Task to carry out: Every line from the one with "So let's start." up to and including the one with "Now tap on the" is to be output exactly as it appears below; pictures are not.

Provided records:
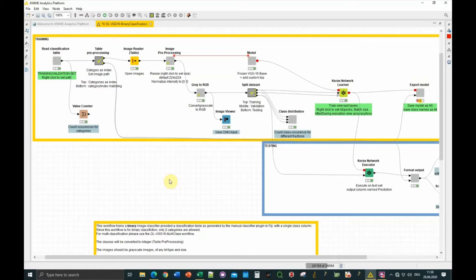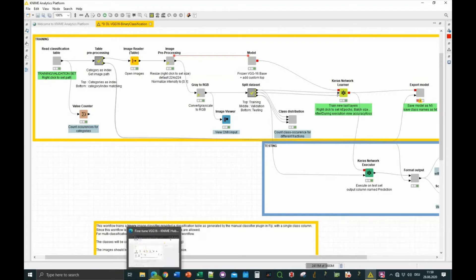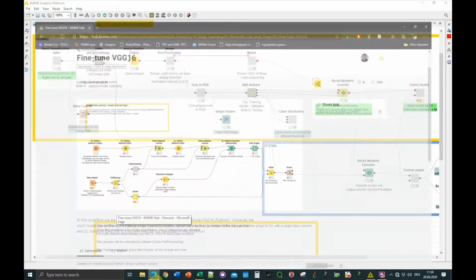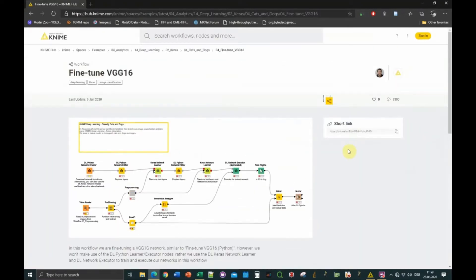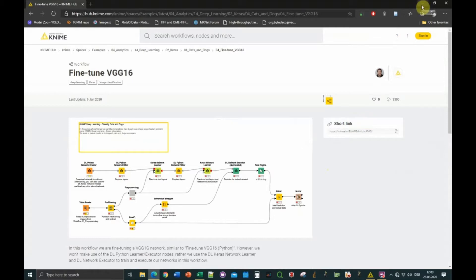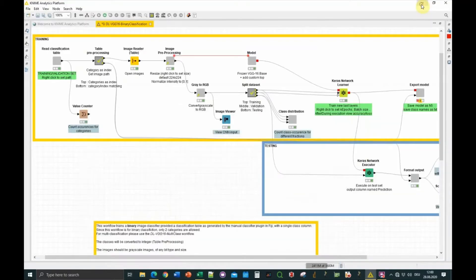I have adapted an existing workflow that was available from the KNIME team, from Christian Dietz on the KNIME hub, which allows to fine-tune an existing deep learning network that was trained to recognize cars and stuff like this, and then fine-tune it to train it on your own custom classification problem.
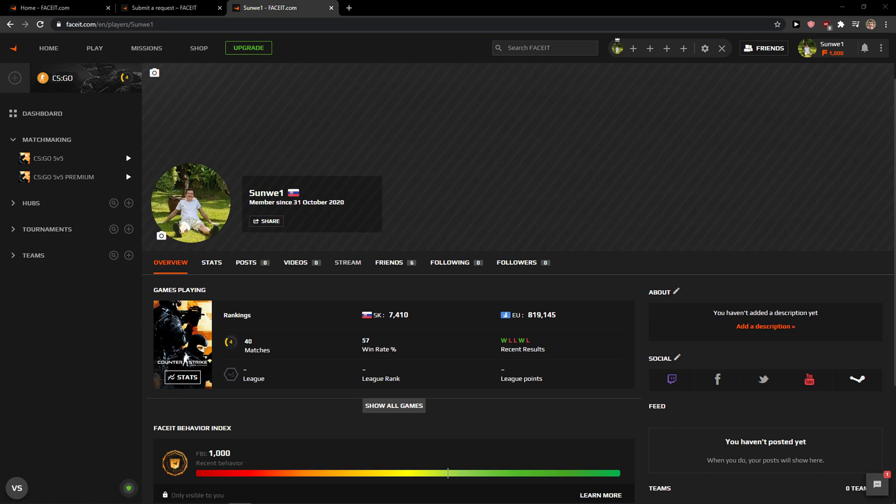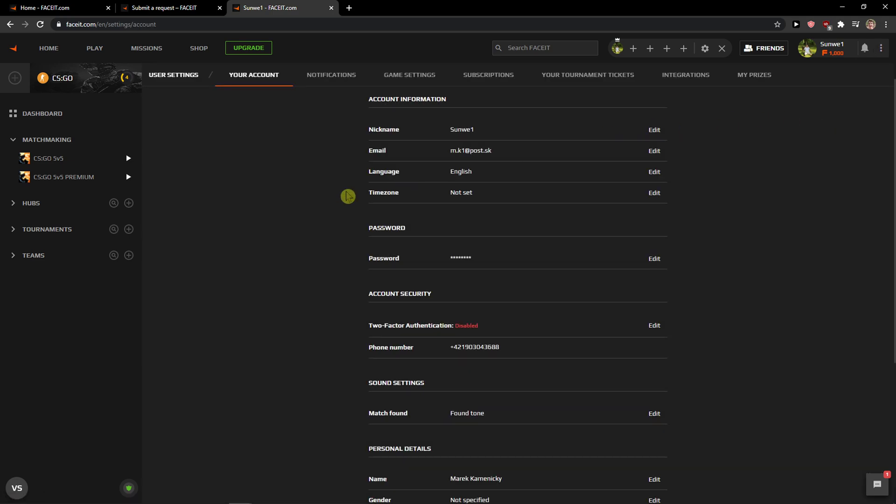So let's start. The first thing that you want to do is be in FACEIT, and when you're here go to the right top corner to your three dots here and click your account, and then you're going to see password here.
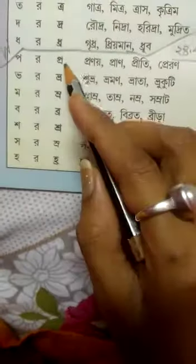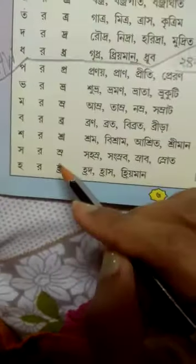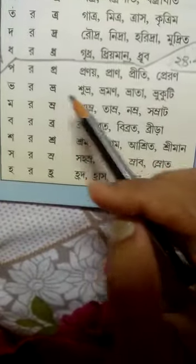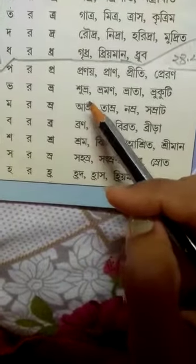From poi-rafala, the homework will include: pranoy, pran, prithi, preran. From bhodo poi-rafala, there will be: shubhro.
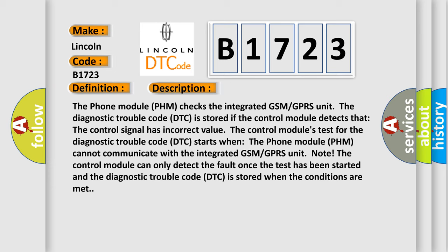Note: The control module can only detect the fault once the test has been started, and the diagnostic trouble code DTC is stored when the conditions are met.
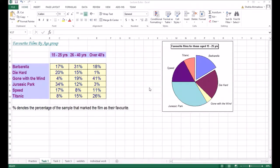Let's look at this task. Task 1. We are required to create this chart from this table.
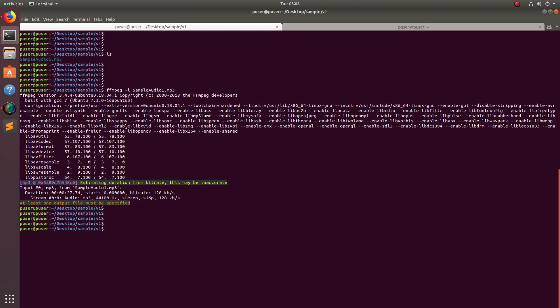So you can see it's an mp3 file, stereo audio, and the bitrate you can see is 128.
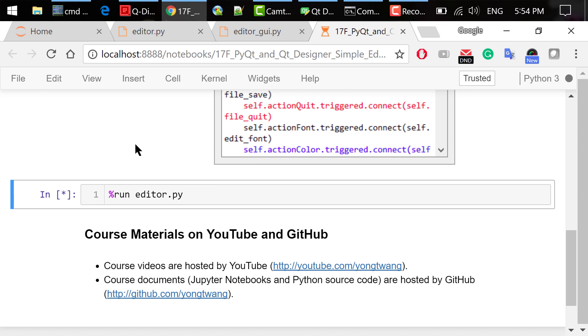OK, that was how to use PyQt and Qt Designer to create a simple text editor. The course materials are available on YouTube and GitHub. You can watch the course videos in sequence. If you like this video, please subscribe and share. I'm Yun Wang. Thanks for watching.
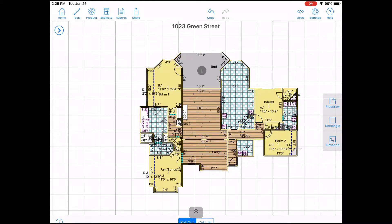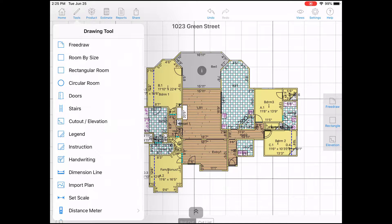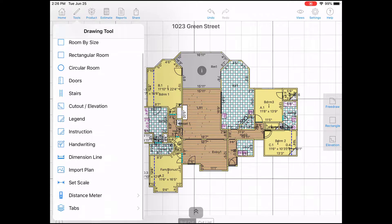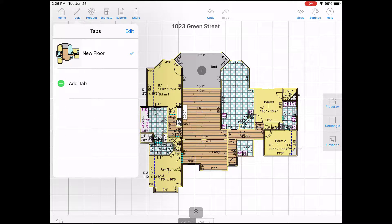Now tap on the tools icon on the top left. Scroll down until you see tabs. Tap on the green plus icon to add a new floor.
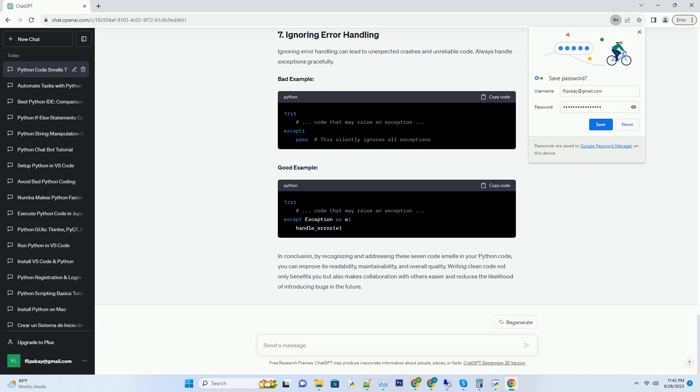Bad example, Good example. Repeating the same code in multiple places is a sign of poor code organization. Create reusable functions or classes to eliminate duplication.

* * *

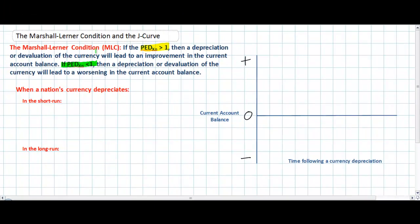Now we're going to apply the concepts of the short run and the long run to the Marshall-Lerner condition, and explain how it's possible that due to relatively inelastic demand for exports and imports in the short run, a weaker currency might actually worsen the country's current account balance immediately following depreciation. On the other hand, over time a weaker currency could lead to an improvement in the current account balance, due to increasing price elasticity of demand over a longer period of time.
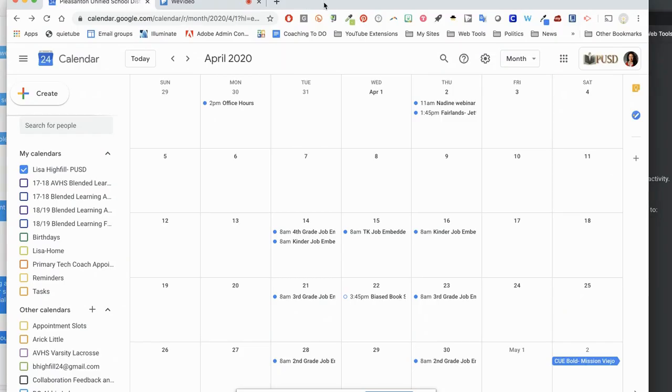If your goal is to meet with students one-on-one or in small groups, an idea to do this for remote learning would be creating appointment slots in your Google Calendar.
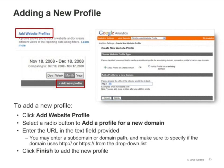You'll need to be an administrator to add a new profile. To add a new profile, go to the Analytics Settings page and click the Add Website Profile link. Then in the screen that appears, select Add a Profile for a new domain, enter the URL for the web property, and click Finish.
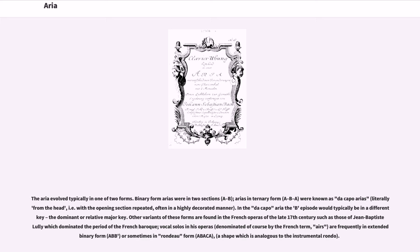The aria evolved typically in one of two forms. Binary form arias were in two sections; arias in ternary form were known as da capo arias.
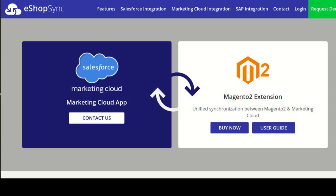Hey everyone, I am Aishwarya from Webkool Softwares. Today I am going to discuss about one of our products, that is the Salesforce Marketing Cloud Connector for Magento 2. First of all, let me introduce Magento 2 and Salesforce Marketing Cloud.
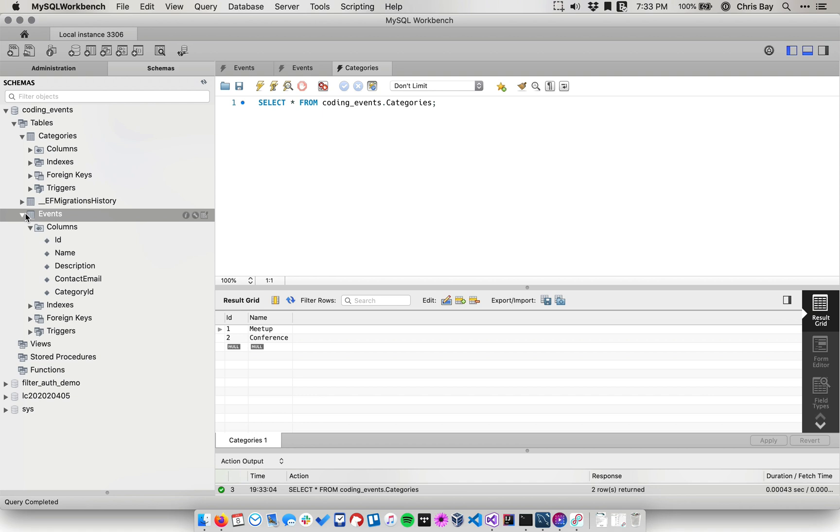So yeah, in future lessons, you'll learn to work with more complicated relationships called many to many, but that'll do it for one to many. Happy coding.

Result of this task:
So let's start. The first thing that you want to do is be in FACEIT, and when you're here go to the right top corner to your three dots here and click your account, and then you're going to see password here.
From poi-rafala, the homework will include: pranoy, pran, prithi, preran. From bhodo poi-rafala, there will be: shubhro.
Note: The control module can only detect the fault once the test has been started, and the diagnostic trouble code DTC is stored when the conditions are met.
Let's look at this task. Task 1. We are required to create this chart from this table.
So you can see it's an mp3 file, stereo audio, and the bitrate you can see is 128.
OK, that was how to use PyQt and Qt Designer to create a simple text editor. The course materials are available on YouTube and GitHub. You can watch the course videos in sequence. If you like this video, please subscribe and share. I'm Yun Wang. Thanks for watching.
Now tap on the tools icon on the top left. Scroll down until you see tabs. Tap on the green plus icon to add a new floor.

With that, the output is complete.